> [SOURCE DATA]:
#####

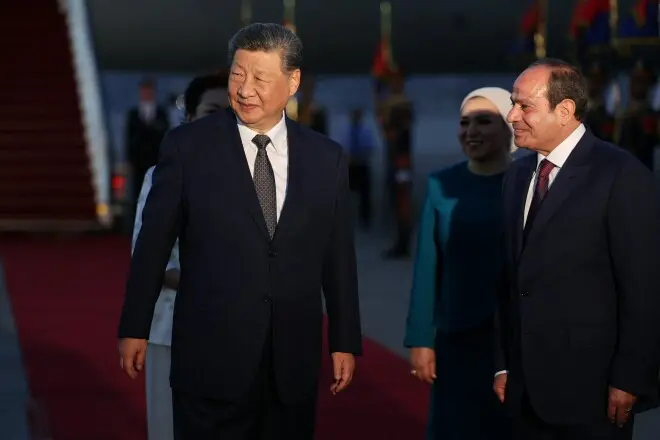 习近平晤埃及总统 双方签多项合作文件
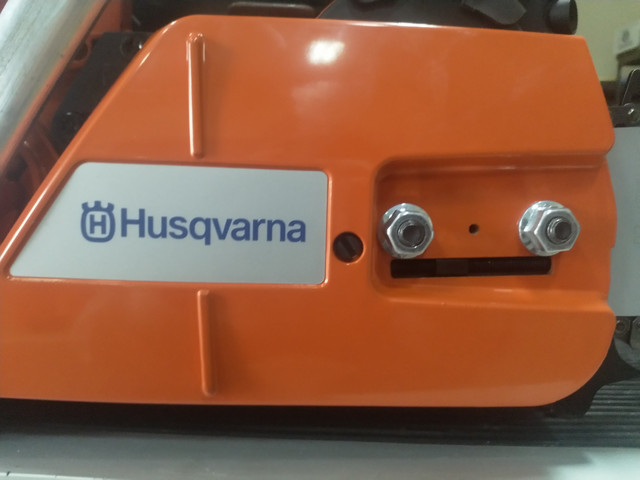 Бічне натягування ланцюга бензопили Husqvarna 365 Бічне натягування ланцюга бензопили Husqvarna 365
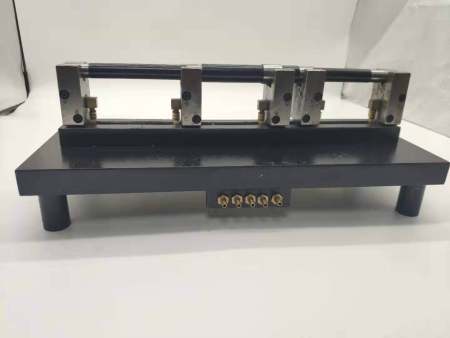 汽车变速箱输入输出轴外径测量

#####

> [REQUIRED WORK]:
Copy out the data exactly and keep the pictures out.

> [COMPLETED TASK]:
 习近平晤埃及总统 双方签多项合作文件
 Бічне натягування ланцюга бензопили Husqvarna 365 Бічне натягування ланцюга бензопили Husqvarna 365
 汽车变速箱输入输出轴外径测量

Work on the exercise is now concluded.